Reading Time: 3 minutes

By Cameron Simek

Opinions Editor

Atheism is a hard concept for some to understand. The basic definition of Atheism is the theory or belief that God doesn’t exist. It seems like a simple enough definition, but the mere thought of it seems to confuse people. Verifiable facts, and the quest for discovery, both personal and universal, guide those who have decided there is no higher power. Morality, when looked at through the eyes of an Atheist becomes complicated, due simply to the fact that we make decisions without being guided by any ancient Deity.

It has been said that mankind would crumble into the abyss without religion. People need edicts to know how to properly live and what choices to make for the benefit of their fellow man, but these choices can also be made with a small amount of common sense and some reason.

The struggle with morality in the absence of religion is something that Atheists don’t take too lightly. There is no dogma to look to in the decision making process. That isn’t to say there is no consequence for the actions we take. We hold ourselves responsible for our decisions, and the only one that can offer forgiveness for our actions is ourselves. I, for one, am not quick to forgive myself for the poor decisions I have made in my life.

To get into the thick of it, let’s start with a couple of fundamental beliefs of how morality functions in mankind. The first is that we are born with a strong sense of right and wrong, and that our upbringing changes that as one grows and matures. If this is the case then religion has no bearing on one’s moral compass.

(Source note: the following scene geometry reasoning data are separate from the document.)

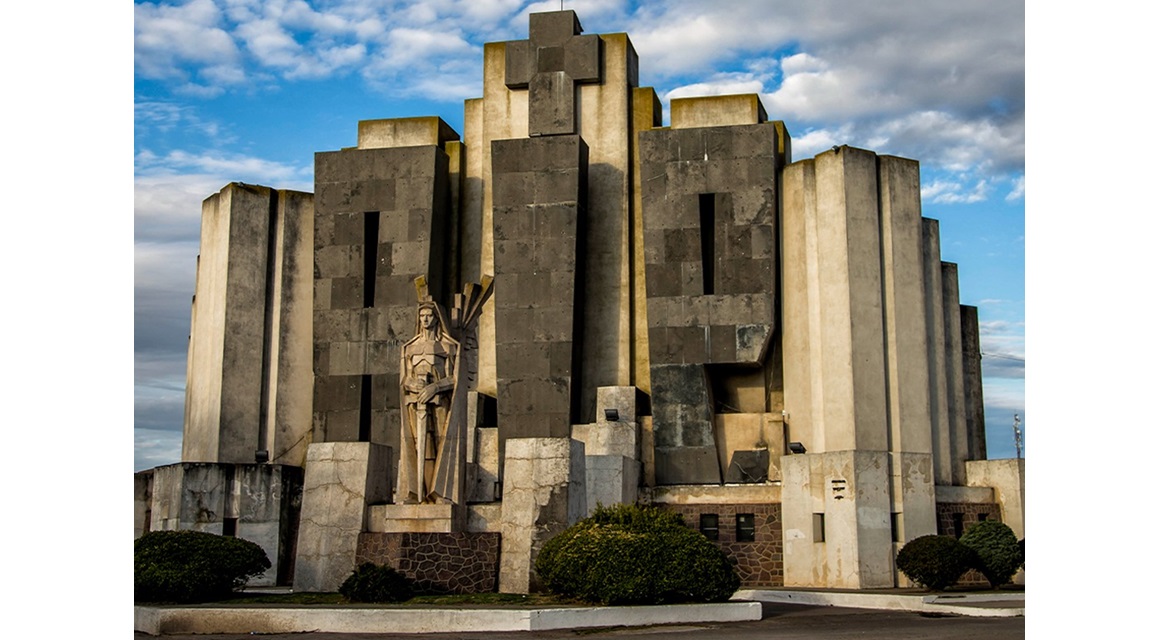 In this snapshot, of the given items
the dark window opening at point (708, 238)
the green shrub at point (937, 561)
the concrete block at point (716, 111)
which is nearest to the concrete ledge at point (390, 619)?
the green shrub at point (937, 561)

Another belief is that we are born as a blank slate. Also known as tabula rasa, this belief states that our upbringing shapes our morality with no other source influencing it at all. This belief would mean that religion may have a strong effect on ones morality.

Both are possible, and religion isn’t something that should be discounted when discussing morality. Religion helps a large amount of people make decisions, whether or not they are being made of their own volition, or as a result of the dogma the religious have been taught their whole life.

The simplest guideline for morality for an Atheist would be Kant’s Categorical Imperative. The most basic explanation of this is to expand your decision to the whole world. If everyone made this decision in this situation would the world be a better place? If no, then that isn’t the best decision to make. That doesn’t help with the smaller moral decisions that are required on a daily basis. Should I open this door for someone, or hold the elevator for this person?

Those decisions can’t be made in a utilitarian sense, or what is best for the highest number of people. If that were the case, everyone on the elevator would wish to get to their floor as quickly as possible and not holding the elevator would be the right choice.

In these moments, I decide what that person would prefer. They would want to get on that elevator and not wait. Putting others before myself is the basis of that moral decision. I should treat my fellow homo sapien with the respect that is due to anyone of my species.

It’s difficult to wrap this all up, but it needs to be done. As an Atheist, I see everyone as my equal and treat them as such. I try to live a life that I can be proud of, and reason and compassion are my guide. I’m not perfect, but I try.

13 thoughts on “Atheist’s moral dilemmas

  1. It’s really not all that complicated.

    Atheist’s Statement:

    1. There is no evidence supporting the existence of a deity.

    2. Therefore, there is no reason to believe in one.

    3. Therefore, I don’t.

    And as for morals, the word comes from the Latin “mores”, which means “societal norms or manners or customs”. So any behaviour which is not outside of the norm for the society you’re in is, by definition, “moral”.

  2. Two authors but written in first person singular? I liked the article but who wrote it? Are you like the trinity?

  3. You wrote:
    The basic definition of Atheism is the theory or belief that God doesn’t exist.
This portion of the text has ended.